→ **Your assignment**
In the records below, find the line that holds "715MIG-120PLA Factory 5-in-1". Restate it and every later line exactly, stopping at the end and skipping pictures.

[Entries supplied — start]

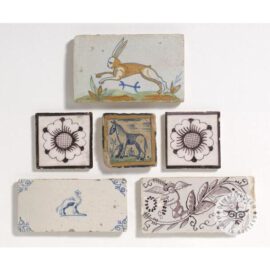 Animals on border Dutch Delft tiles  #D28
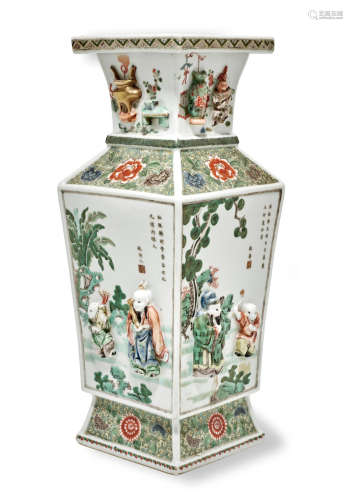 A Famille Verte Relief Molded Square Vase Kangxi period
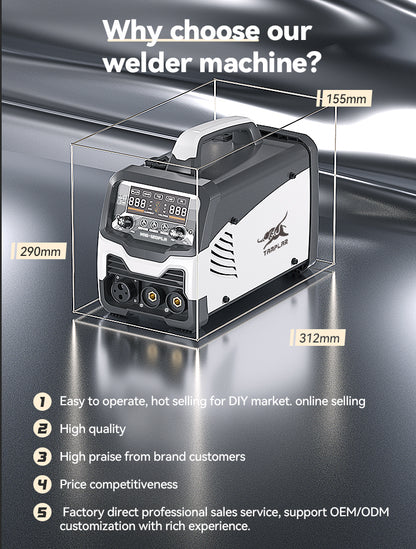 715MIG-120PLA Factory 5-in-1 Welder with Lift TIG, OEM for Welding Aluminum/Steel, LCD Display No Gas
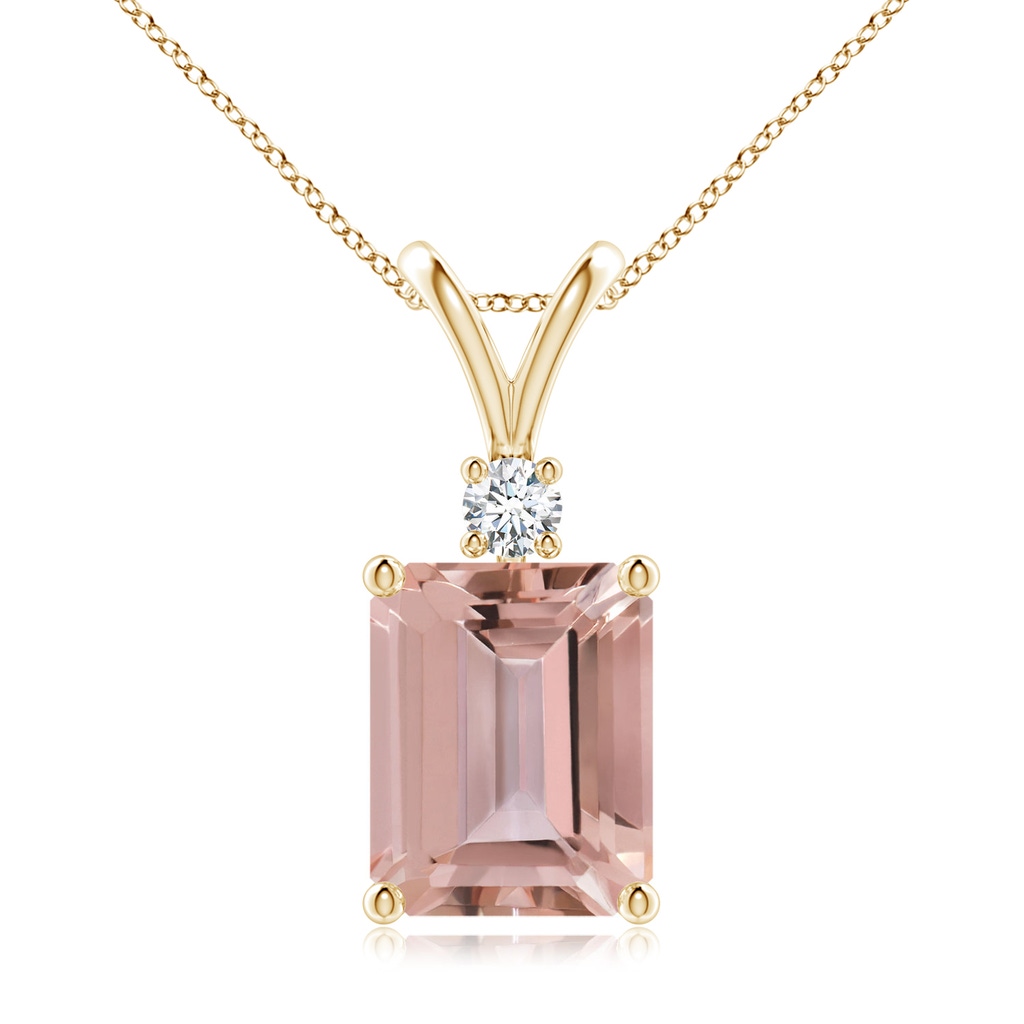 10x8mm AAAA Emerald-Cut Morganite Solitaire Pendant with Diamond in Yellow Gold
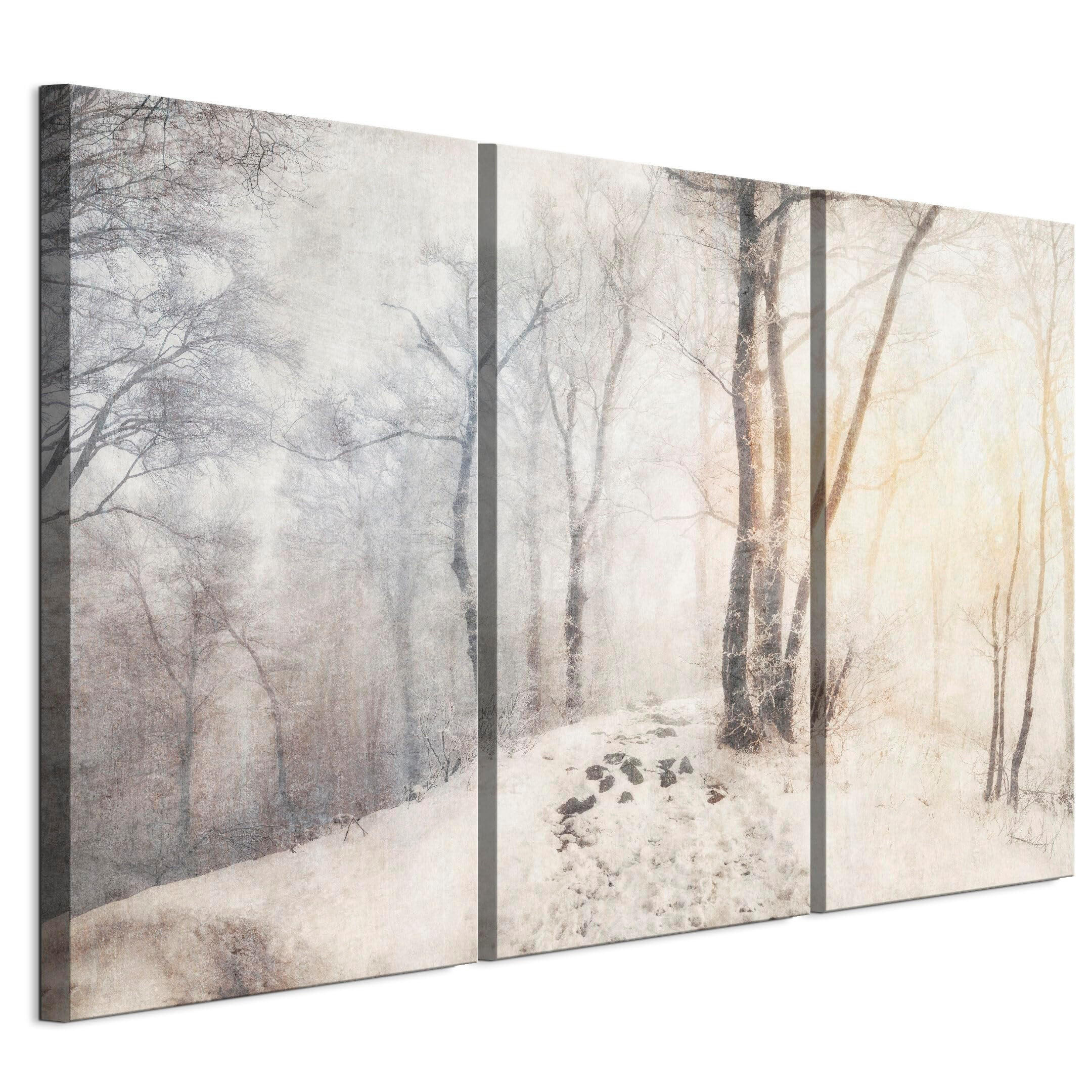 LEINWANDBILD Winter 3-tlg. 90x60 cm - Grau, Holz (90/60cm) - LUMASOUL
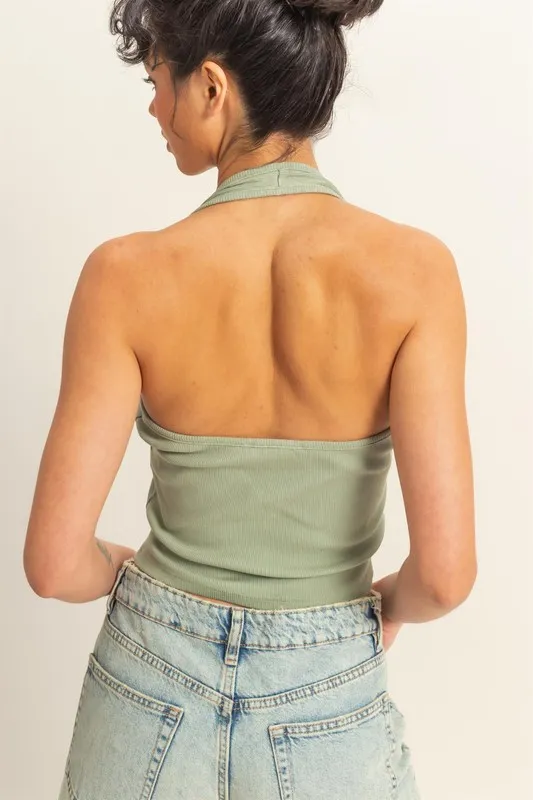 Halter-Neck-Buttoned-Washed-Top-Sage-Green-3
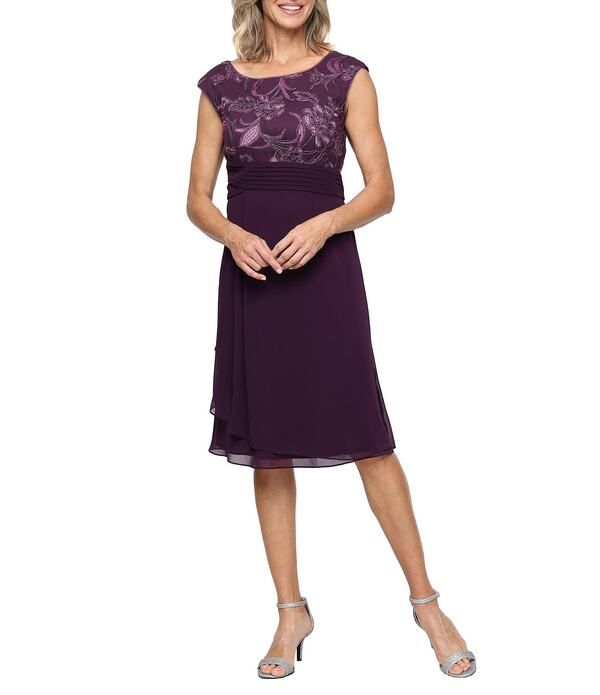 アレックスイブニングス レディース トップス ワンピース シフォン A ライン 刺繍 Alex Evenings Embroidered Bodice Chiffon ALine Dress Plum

[Entries supplied — finish]

→ **Completed task**
 715MIG-120PLA Factory 5-in-1 Welder with Lift TIG, OEM for Welding Aluminum/Steel, LCD Display No Gas
 10x8mm AAAA Emerald-Cut Morganite Solitaire Pendant with Diamond in Yellow Gold
 LEINWANDBILD Winter 3-tlg. 90x60 cm - Grau, Holz (90/60cm) - LUMASOUL
 Halter-Neck-Buttoned-Washed-Top-Sage-Green-3
 アレックスイブニングス レディース トップス ワンピース シフォン A ライン 刺繍 Alex Evenings Embroidered Bodice Chiffon ALine Dress Plum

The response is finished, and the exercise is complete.